Recorded information:
+ + + + + + +
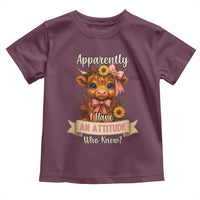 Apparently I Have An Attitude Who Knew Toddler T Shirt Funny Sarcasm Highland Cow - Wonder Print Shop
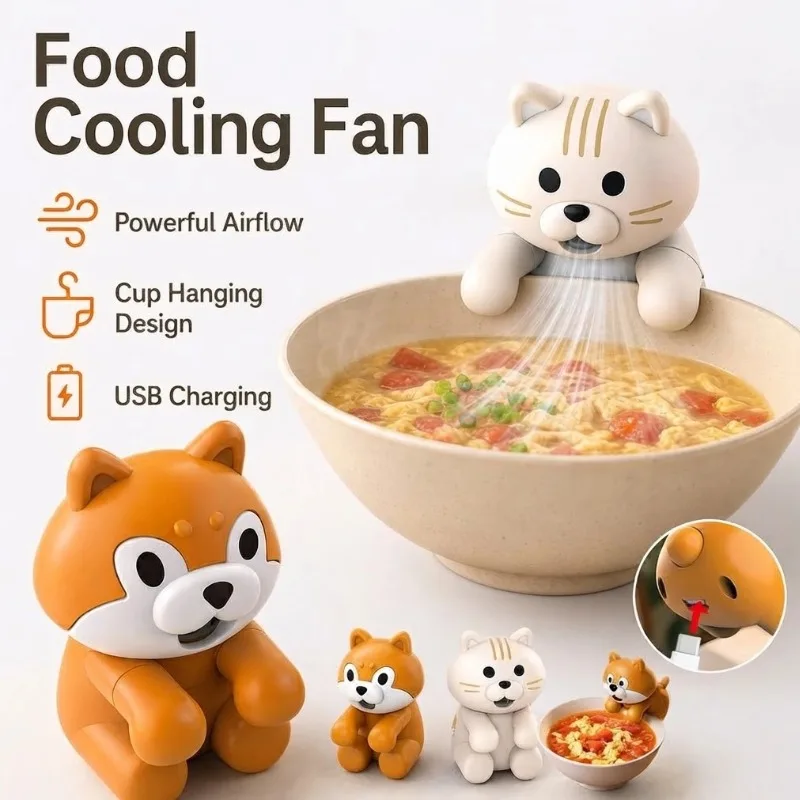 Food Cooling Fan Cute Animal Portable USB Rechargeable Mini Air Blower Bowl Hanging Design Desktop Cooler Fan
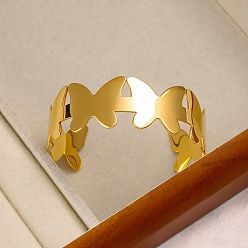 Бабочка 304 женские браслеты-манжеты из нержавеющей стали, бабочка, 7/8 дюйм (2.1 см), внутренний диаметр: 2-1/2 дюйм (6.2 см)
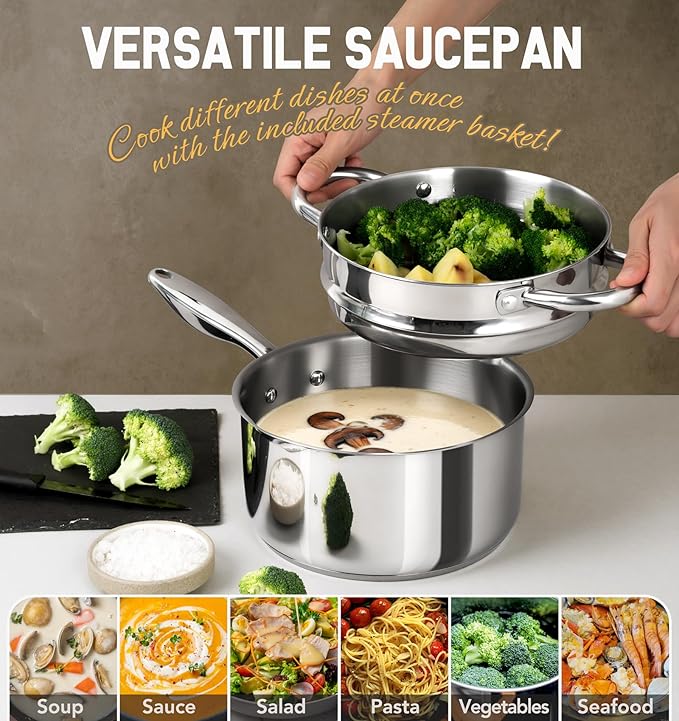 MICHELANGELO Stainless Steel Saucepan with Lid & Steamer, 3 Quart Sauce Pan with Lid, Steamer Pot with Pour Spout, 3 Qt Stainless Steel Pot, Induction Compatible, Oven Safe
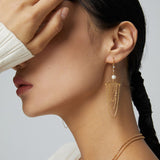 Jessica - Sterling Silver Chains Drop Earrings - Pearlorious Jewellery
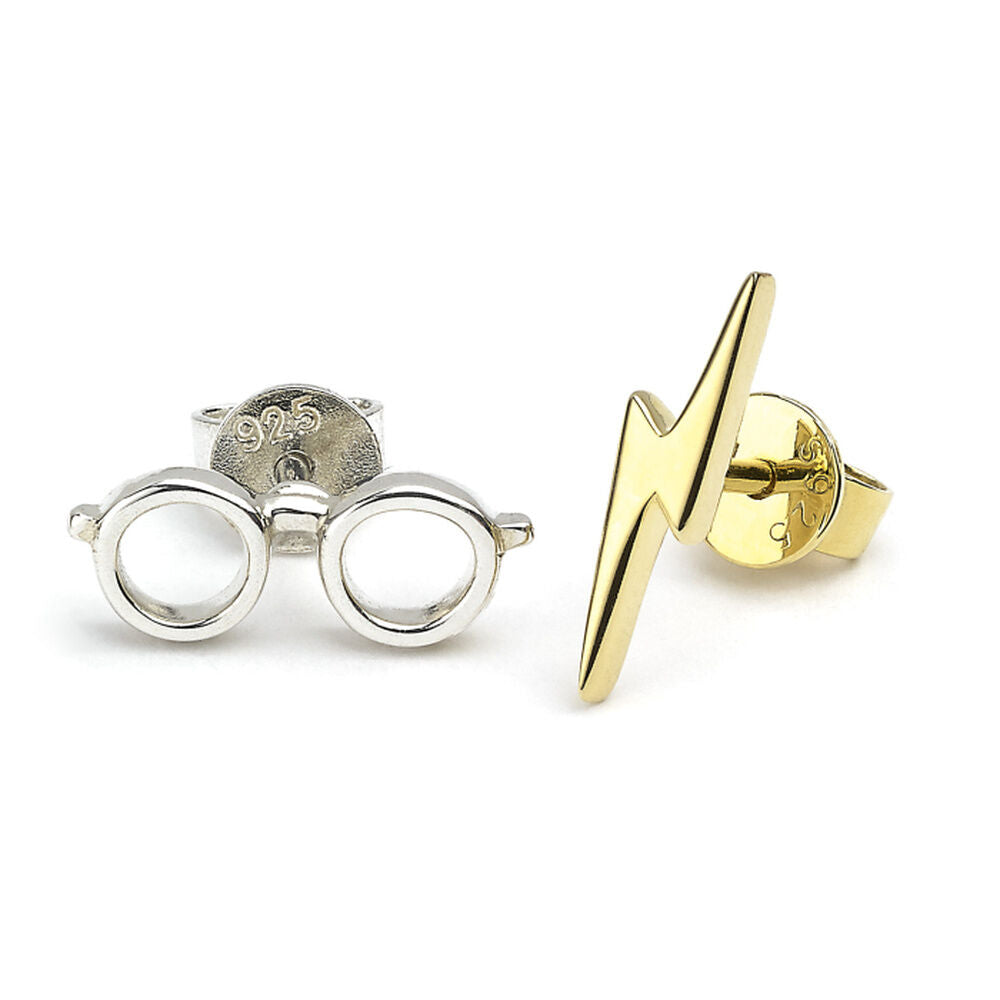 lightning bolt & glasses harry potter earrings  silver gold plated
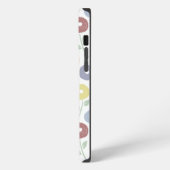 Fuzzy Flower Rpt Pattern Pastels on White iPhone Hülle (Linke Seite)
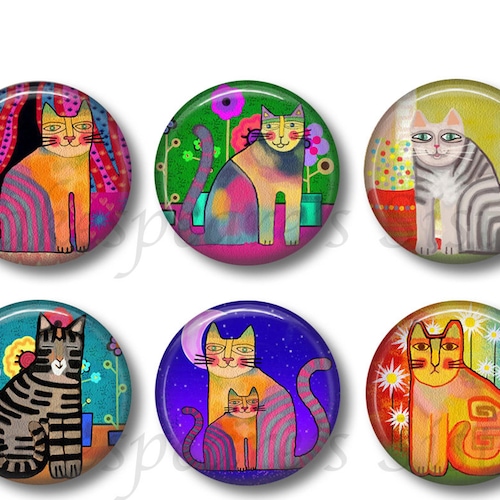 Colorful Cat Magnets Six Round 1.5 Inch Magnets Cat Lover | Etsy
+ + + + + + +
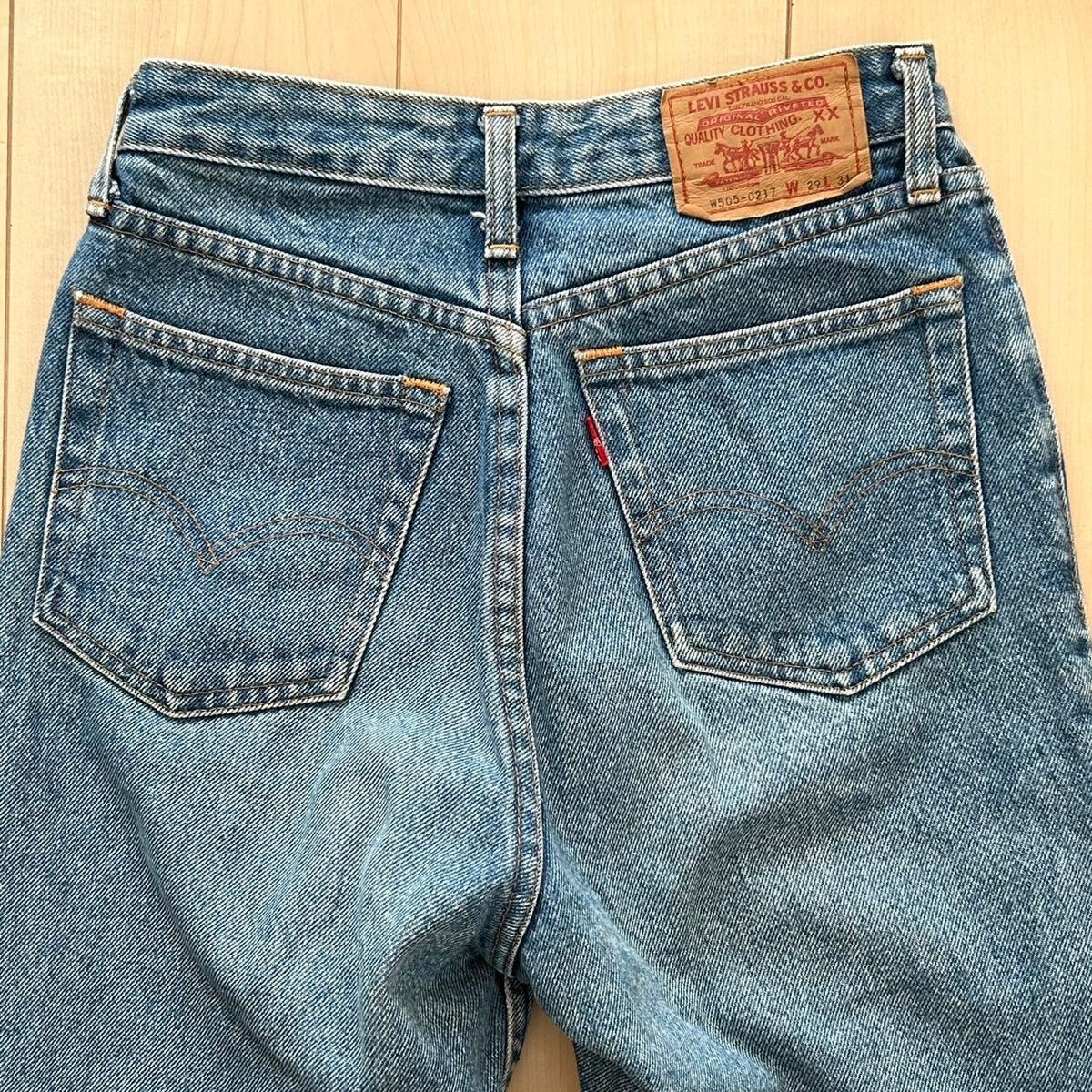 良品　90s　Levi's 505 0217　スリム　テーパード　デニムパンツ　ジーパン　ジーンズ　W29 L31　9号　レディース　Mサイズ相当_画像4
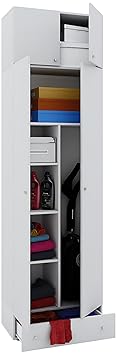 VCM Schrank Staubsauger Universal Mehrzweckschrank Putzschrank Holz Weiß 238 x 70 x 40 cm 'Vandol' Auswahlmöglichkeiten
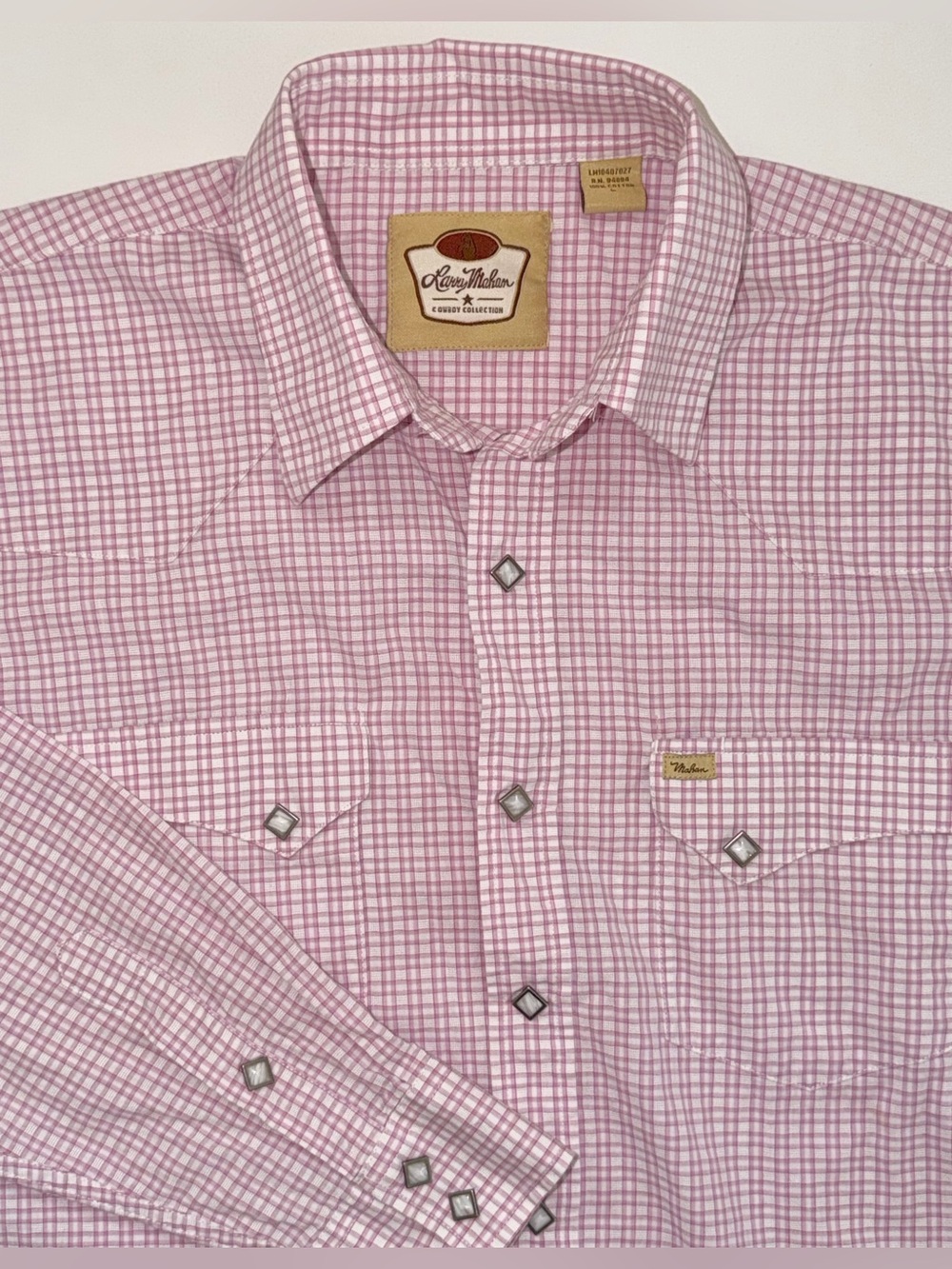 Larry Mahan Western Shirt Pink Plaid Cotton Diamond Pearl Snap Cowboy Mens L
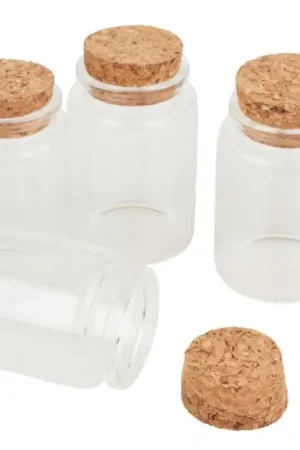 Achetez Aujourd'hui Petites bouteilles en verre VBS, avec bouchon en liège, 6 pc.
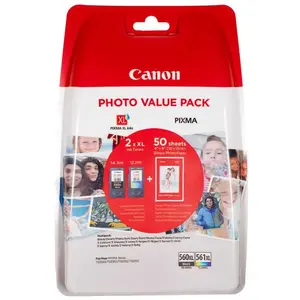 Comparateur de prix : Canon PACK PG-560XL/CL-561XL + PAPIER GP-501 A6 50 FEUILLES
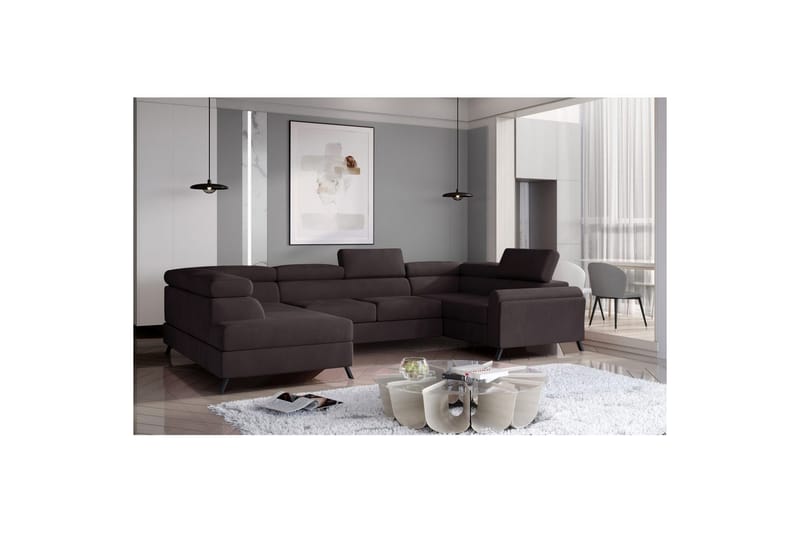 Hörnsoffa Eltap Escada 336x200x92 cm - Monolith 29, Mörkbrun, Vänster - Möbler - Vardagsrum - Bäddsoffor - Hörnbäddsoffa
+ + + + + + +
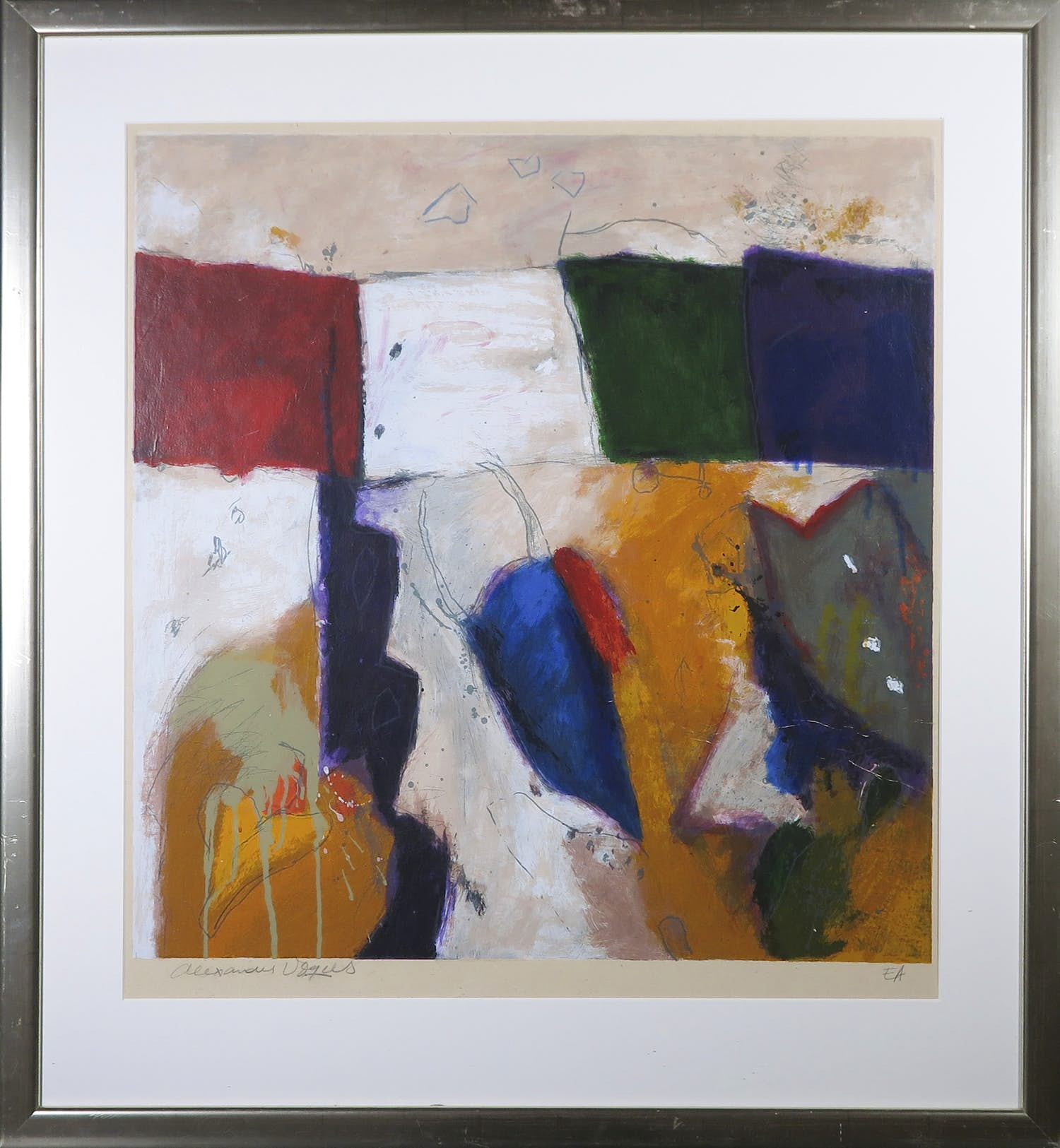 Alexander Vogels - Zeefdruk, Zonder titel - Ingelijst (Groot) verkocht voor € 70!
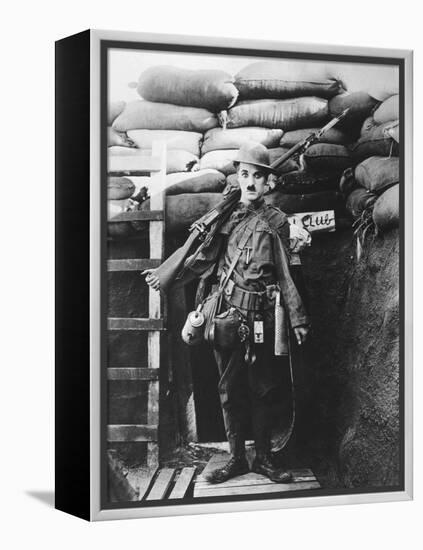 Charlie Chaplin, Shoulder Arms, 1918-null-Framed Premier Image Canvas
+ + + + + + +
Work from the entries above. Set down exactly and only the lines from the line with "良品　90s　Levi's 505 0217　スリム　テーパード　デニムパンツ　ジーパン　ジーンズ　W29" to the line with "Hörnsoffa Eltap Escada", both included, and leave the pictures out.

Answer space:
 良品　90s　Levi's 505 0217　スリム　テーパード　デニムパンツ　ジーパン　ジーンズ　W29 L31　9号　レディース　Mサイズ相当_画像4
 VCM Schrank Staubsauger Universal Mehrzweckschrank Putzschrank Holz Weiß 238 x 70 x 40 cm 'Vandol' Auswahlmöglichkeiten
 Larry Mahan Western Shirt Pink Plaid Cotton Diamond Pearl Snap Cowboy Mens L
 Achetez Aujourd'hui Petites bouteilles en verre VBS, avec bouchon en liège, 6 pc.
 Comparateur de prix : Canon PACK PG-560XL/CL-561XL + PAPIER GP-501 A6 50 FEUILLES
 Hörnsoffa Eltap Escada 336x200x92 cm - Monolith 29, Mörkbrun, Vänster - Möbler - Vardagsrum - Bäddsoffor - Hörnbäddsoffa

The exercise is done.